Hi @Jan, I hope you find time to go through this. I’m sharing few more findings here. The above is not the only error that occurs but also the following when we deploy our site with passenger set to run multiple app instances :

ResultCode 66 unknown in the client. Please file a github issue.

Error during refresh for node BB9566D9B270008:127.0.0.1:3000: width too big

All these errors disappear when we configure passenger to run only a single instance of the application. Although the app instances spawned by passenger are separate processes in themselves, so they shouldn’t be sharing the aerospike data buffers but somehow it is these data buffers which get corrupted causing variety of errors. We are currently using client version 2.1.0 on production. Any help/pointers would be much appreciated.


#5

Hi @zingoba,

I was actually looking into this today. And I believe Passenger’s “smart spawning” is causing the issue. When you are creating the Aerospike client instance in the Rails initializer, the client immediately starts to connect to the Aerospike cluster. That means when the ‘preloader’ process gets forked, all the child processes share the existing TCP connection(s) that were established in the ‘preloader’ process. The issue is very similar to the first example listed under the Smart spawning caveats.

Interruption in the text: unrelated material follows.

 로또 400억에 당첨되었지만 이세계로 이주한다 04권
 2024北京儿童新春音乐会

You can avoid the issue by using Passenger’s starting_worker_process hook to only connect the client once a new application process was spawned. That way, the processes don’t share any of the file descriptors. Once I changed the client initialization in config/initializers/aerospike.rb the problem disappeared in my test setup:

connect = true
if defined?(PhusionPassenger)
  connect = false
  PhusionPassenger.on_event(:starting_worker_process) do
    $as_client.connect
  end
end
$as_client = Aerospike::Client.new(connect: connect)

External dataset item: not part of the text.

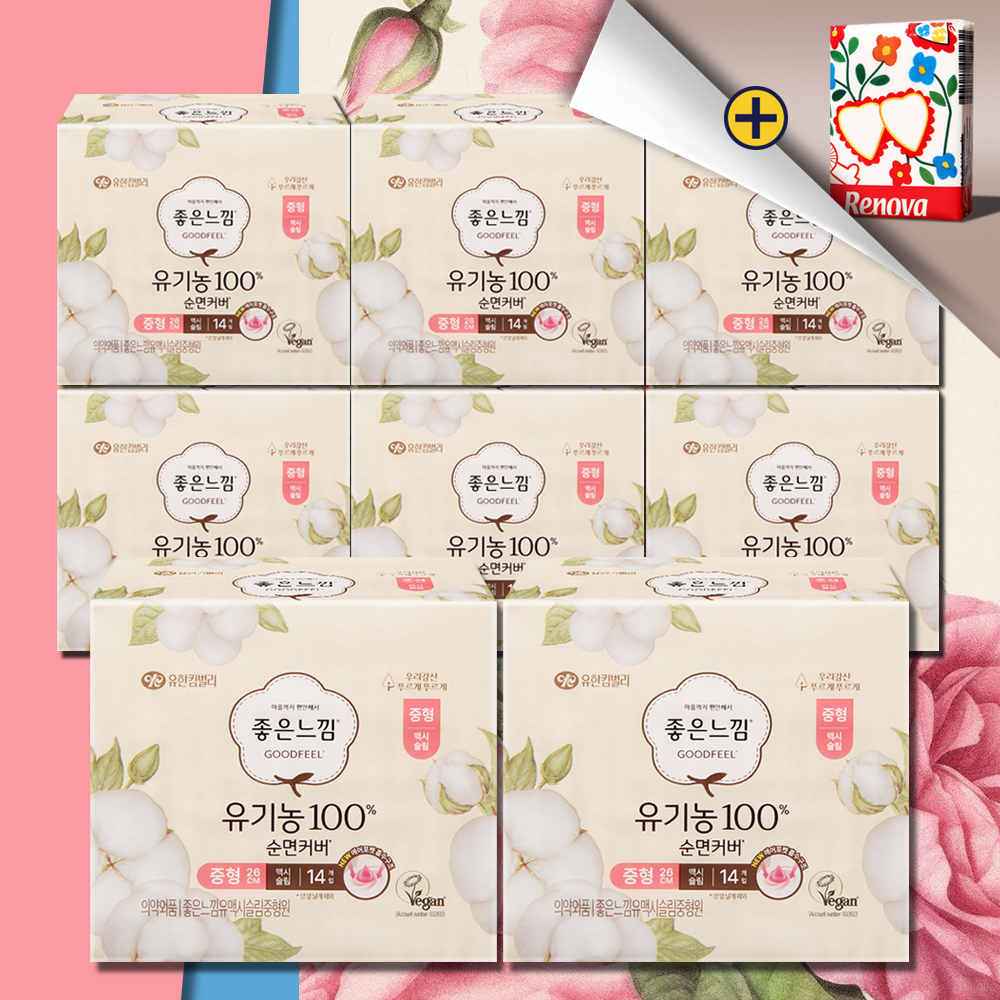 좋은느낌 생리대 유기농 순면커버 맥시슬림 중형 14매 8팩 - 메인 이미지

The same underlying issue is also responsible for the “ResultCode 66” and “width too big” errors, which I also saw during testing. These errors can happen as well when two processes share the same socket connection to communicate with a cluster node.

Let me know if you are still seeing any issues when you change how the client gets initialized.

Cheers, Jan


#6

@Jan,

Awesome!! This works. Thank you very much for your time. Why didn’t I think in this direction?! :pensive: Thanks again. Cheers!